PROBLEM DESCRIPTION:
In the data below, find the line that contains "Offre &agrave; 3&euro;" and the line that contains "Zapatilla Chalada Mujer". Copy both, plus every line between them, exactly.

DATA:
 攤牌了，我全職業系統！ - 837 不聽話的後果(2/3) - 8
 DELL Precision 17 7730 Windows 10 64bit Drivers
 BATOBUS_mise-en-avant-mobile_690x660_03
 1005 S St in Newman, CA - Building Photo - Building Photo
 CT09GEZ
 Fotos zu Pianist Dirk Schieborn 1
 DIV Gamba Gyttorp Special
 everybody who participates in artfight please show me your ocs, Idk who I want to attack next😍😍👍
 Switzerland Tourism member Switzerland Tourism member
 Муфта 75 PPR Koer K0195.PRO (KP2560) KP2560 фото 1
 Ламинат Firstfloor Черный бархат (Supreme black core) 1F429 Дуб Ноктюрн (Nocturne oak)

* * *

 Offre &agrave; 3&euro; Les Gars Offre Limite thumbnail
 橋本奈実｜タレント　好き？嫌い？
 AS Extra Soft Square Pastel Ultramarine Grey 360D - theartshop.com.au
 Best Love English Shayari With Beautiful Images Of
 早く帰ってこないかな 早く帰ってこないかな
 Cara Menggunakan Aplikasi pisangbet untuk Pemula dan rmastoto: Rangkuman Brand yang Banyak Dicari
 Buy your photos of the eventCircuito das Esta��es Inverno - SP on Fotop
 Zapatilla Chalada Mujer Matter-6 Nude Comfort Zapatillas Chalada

PROBLEM SOLUTION:
 Offre &agrave; 3&euro; Les Gars Offre Limite thumbnail
 橋本奈実｜タレント　好き？嫌い？
 AS Extra Soft Square Pastel Ultramarine Grey 360D - theartshop.com.au
 Best Love English Shayari With Beautiful Images Of
 早く帰ってこないかな 早く帰ってこないかな
 Cara Menggunakan Aplikasi pisangbet untuk Pemula dan rmastoto: Rangkuman Brand yang Banyak Dicari
 Buy your photos of the eventCircuito das Esta��es Inverno - SP on Fotop
 Zapatilla Chalada Mujer Matter-6 Nude Comfort Zapatillas Chalada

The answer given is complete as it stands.